Wyoming Wildlife Federation
- Abbreviation: WWF
- Formation: 1937; 89 years ago
- Type: Nonprofit
- Tax ID no.: 23-7002578
- Legal status: 501(c)(3)
- Headquarters: Lander, Wyoming
- Membership: >8,000 (2019)
- Board Chair: Chris Simonds
- Executive Director: Joy Bannon
- Board of directors: Chris Simonds; Mark Cole; Temple Stoellinger; Levi Jensen; Lew Carpenter; David Willms; Diane Martinez; Tom Radosevich
- Website: https://wyomingwildlife.org/

= Wyoming Wildlife Federation =

The Wyoming Wildlife Federation (WWF), established in 1937 and as of January 2019 has over 8,000 members, is Wyoming's oldest and largest statewide sportsmen/conservation organization.
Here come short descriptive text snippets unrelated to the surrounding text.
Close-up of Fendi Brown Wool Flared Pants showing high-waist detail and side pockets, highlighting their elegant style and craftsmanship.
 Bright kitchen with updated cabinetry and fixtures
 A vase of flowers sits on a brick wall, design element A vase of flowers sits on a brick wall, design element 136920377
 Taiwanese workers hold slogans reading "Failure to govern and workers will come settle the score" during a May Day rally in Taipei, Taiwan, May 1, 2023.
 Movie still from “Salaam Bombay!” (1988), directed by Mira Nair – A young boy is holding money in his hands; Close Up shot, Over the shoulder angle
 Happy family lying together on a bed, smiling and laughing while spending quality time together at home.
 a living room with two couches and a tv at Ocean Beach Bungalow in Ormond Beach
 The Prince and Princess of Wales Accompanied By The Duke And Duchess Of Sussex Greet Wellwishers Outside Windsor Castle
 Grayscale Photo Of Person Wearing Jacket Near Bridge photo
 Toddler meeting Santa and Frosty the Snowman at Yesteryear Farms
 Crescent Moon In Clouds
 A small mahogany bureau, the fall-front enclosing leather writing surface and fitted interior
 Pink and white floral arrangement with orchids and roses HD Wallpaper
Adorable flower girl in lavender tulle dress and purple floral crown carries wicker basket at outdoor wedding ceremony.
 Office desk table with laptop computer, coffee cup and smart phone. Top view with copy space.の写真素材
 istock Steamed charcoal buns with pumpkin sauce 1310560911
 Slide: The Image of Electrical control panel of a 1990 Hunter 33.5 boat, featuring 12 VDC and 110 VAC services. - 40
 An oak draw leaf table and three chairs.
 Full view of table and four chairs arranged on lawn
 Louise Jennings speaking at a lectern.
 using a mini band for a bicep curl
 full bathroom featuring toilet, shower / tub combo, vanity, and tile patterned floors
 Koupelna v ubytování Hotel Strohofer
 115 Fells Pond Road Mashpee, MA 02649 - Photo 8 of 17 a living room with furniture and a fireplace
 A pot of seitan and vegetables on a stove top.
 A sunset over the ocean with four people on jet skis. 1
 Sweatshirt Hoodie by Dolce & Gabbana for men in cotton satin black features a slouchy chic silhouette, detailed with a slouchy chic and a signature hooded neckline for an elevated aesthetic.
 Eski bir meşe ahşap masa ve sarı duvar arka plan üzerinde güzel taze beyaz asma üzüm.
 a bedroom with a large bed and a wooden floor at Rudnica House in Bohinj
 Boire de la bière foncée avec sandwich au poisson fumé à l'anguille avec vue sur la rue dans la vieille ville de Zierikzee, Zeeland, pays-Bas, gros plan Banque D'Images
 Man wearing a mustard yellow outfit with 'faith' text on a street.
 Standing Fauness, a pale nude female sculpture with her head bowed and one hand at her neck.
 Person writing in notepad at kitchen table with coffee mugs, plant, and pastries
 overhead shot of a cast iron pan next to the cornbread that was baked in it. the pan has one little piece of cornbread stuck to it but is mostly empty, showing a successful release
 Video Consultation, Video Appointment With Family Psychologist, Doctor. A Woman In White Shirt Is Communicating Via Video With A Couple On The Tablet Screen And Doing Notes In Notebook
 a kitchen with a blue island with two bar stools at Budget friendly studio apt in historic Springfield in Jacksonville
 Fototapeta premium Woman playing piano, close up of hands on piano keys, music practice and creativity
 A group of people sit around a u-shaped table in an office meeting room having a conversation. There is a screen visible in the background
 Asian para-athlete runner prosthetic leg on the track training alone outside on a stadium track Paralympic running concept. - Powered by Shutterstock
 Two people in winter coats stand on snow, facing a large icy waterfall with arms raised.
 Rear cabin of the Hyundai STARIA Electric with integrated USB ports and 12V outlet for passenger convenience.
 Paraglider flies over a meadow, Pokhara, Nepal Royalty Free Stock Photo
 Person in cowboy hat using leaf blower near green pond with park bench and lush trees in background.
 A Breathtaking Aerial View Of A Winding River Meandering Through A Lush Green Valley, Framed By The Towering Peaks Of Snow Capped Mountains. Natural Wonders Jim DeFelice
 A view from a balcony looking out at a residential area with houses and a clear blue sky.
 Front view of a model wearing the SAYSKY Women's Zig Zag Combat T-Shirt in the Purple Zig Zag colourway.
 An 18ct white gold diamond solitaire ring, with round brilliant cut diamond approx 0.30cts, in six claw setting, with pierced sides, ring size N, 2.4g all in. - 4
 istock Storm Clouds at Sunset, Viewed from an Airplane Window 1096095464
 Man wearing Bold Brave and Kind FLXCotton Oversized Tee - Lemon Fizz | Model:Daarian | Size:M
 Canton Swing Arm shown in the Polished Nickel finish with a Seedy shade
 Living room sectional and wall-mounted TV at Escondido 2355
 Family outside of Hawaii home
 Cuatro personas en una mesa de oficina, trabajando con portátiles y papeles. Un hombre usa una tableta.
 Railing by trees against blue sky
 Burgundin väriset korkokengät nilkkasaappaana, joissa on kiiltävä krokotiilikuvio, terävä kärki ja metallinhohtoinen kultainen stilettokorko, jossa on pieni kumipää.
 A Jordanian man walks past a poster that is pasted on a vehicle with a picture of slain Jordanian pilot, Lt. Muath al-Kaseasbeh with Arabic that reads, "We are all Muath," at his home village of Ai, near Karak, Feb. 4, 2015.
The WWF mission statement declares that "The Wyoming Wildlife Federation works for hunters, anglers, and other wildlife enthusiasts to protect and enhance habitat, to perpetuate quality hunting and fishing, to protect citizens' right to use public lands and waters, and to promote ethical hunting and fishing."

They have worked with Wyoming Council of Trout Unlimited and the Theodore Roosevelt Conservation Partnership. WWF is governed by a board of directors, including 12 associate directors who represent the membership at large, and a number of affiliate directors who represent WWF affiliate organizations. Affiliate directors sit as ex officio members. WWF is located in Lander, WY.

WWF organizes the traditional sportsmen community regarding conservation issues. Recent WWF campaigns have included Sportsmen for the Wyoming Range, the Greater Little Mountain Coalition, and the development of both renewable (e.g., wind) and non-renewable energy (e.g., natural gas and oil shale) in wildlife habitats in Wyoming. WWF has also been active in campaigns to maintain hunting and fishing access. WWF has lobbied the Wyoming State Legislature on issues that affect wildlife in Wyoming. WWF members are also involved in on-the-ground projects to improve wildlife habitat in Wyoming.

WWF is an affiliate of National Wildlife Federation (NWF).